=== Section Start ===

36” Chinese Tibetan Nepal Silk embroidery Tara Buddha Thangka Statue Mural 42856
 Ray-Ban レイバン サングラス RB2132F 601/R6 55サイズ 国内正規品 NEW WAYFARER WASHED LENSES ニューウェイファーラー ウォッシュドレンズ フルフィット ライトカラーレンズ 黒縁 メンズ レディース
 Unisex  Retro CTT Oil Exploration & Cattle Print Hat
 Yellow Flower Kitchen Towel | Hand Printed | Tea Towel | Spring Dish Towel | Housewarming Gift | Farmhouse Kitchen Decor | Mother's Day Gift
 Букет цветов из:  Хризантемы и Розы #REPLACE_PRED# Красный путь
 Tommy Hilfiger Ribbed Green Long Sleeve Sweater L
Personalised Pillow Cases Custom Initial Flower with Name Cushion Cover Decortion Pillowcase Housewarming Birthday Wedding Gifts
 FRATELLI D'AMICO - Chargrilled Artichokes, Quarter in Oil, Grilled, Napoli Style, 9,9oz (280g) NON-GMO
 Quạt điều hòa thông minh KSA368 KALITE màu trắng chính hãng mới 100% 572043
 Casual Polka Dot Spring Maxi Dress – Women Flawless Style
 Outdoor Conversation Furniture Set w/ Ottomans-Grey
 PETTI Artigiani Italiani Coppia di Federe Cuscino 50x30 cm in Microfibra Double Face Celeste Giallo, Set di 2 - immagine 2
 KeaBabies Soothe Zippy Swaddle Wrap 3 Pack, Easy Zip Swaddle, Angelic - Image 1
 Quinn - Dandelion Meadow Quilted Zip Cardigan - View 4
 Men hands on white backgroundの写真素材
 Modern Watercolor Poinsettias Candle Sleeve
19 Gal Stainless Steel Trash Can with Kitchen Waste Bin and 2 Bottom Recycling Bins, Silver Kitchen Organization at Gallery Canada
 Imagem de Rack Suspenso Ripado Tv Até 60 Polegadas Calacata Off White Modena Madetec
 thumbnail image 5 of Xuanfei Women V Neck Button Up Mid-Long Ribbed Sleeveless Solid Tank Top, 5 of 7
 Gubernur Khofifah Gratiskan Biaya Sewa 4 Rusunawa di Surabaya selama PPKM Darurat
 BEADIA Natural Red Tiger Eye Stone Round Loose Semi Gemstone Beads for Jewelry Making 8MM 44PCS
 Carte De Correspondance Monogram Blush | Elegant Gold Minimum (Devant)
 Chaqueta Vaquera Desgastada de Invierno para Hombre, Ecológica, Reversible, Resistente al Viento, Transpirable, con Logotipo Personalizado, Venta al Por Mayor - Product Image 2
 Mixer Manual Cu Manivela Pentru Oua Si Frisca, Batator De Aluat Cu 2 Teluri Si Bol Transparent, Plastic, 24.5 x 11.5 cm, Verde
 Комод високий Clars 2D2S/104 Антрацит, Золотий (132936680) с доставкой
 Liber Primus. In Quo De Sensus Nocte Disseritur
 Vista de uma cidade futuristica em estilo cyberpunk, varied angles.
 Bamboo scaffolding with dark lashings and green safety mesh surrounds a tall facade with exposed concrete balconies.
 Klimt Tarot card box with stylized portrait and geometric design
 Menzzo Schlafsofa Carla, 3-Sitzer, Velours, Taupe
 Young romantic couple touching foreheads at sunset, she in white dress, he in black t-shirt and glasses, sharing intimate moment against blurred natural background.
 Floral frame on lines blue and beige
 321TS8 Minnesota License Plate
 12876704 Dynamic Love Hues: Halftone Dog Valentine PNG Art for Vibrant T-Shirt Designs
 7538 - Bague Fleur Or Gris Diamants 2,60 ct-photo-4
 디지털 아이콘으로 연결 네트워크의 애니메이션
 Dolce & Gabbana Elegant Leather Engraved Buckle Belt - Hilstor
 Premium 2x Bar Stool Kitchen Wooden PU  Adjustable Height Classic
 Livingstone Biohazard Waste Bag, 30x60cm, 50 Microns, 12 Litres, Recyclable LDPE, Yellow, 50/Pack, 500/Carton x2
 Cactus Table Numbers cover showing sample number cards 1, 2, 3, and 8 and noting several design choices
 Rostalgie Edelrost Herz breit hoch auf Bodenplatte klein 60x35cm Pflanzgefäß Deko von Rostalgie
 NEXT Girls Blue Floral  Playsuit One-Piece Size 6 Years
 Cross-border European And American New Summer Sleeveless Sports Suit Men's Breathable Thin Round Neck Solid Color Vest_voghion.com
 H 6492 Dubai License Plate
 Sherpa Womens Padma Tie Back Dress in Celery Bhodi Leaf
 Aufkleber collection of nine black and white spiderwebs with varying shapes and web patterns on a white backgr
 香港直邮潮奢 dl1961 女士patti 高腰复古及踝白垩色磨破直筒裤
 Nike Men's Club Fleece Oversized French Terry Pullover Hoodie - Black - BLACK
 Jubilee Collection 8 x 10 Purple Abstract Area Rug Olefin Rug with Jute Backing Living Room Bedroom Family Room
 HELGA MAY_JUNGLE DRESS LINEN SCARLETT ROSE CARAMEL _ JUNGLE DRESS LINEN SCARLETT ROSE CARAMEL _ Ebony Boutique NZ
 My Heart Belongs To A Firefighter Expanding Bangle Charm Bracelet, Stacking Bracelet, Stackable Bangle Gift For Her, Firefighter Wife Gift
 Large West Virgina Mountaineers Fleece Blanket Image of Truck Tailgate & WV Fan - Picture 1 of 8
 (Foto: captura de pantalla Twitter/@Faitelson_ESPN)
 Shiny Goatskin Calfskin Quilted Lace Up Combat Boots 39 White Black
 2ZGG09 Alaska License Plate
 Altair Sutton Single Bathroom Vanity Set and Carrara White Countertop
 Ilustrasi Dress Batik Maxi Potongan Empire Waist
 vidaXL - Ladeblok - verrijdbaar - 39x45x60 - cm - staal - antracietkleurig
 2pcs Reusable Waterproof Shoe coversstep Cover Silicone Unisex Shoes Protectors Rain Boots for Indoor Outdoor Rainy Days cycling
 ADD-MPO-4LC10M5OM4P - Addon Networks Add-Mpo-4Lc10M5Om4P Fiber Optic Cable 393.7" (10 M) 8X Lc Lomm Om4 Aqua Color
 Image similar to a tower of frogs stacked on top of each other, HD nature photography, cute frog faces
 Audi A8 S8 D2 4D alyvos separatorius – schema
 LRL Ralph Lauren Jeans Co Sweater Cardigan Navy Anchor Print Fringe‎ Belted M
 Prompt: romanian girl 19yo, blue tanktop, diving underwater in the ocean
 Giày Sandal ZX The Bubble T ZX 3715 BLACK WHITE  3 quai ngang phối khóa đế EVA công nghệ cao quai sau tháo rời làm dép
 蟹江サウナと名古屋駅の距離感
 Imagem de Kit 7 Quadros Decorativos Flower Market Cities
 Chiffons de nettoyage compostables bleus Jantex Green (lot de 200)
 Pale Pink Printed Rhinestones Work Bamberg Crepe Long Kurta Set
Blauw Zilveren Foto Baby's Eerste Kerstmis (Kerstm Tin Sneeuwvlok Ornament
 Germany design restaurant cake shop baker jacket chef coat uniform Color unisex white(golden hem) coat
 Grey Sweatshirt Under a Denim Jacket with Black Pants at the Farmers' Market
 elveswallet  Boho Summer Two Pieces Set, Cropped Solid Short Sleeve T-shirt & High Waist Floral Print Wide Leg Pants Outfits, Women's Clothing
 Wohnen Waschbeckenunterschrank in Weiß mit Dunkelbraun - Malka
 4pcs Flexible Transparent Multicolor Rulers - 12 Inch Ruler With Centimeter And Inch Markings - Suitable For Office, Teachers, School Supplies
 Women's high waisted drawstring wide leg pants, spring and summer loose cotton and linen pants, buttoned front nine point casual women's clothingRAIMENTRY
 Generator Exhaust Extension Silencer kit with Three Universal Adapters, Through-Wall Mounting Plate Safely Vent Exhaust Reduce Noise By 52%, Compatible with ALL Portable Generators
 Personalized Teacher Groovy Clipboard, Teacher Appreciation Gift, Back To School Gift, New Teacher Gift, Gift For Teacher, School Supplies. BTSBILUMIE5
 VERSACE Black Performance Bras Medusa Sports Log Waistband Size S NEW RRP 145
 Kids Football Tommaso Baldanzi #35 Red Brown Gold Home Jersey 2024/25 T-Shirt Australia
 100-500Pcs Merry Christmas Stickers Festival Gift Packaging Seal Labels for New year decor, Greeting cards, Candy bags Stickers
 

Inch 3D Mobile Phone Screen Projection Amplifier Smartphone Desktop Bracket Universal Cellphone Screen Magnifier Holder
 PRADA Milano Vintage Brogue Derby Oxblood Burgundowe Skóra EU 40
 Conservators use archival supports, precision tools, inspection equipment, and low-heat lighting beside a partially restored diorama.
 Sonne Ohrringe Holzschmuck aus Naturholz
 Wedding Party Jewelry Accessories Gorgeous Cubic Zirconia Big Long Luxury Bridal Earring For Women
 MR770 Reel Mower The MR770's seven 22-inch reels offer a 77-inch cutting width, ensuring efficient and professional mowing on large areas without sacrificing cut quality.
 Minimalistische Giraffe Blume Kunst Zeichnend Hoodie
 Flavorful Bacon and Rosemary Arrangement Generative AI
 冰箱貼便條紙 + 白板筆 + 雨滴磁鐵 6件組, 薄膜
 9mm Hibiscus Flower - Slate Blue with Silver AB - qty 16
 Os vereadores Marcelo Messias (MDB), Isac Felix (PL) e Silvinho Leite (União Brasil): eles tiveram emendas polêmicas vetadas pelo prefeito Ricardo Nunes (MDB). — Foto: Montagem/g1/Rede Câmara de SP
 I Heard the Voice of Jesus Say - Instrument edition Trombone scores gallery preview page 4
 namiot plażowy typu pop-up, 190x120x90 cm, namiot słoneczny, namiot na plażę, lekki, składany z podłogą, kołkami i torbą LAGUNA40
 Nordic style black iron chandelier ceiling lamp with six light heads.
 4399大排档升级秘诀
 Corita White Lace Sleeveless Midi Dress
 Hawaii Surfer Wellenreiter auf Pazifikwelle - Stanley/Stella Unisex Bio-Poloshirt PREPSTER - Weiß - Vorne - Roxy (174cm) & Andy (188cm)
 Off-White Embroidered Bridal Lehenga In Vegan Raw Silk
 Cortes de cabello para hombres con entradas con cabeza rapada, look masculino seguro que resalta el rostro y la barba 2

=== Section End ===

• _TASK BRIEF_:
Find "Large West Virgina" in the entries above and copy that whole line exactly, then each line after it through the line that contains "2pcs Reusable Waterproof".

• _SOLUTION TO THIS TASK_:
 Large West Virgina Mountaineers Fleece Blanket Image of Truck Tailgate & WV Fan - Picture 1 of 8
 (Foto: captura de pantalla Twitter/@Faitelson_ESPN)
 Shiny Goatskin Calfskin Quilted Lace Up Combat Boots 39 White Black
 2ZGG09 Alaska License Plate
 Altair Sutton Single Bathroom Vanity Set and Carrara White Countertop
 Ilustrasi Dress Batik Maxi Potongan Empire Waist
 vidaXL - Ladeblok - verrijdbaar - 39x45x60 - cm - staal - antracietkleurig
 2pcs Reusable Waterproof Shoe coversstep Cover Silicone Unisex Shoes Protectors Rain Boots for Indoor Outdoor Rainy Days cycling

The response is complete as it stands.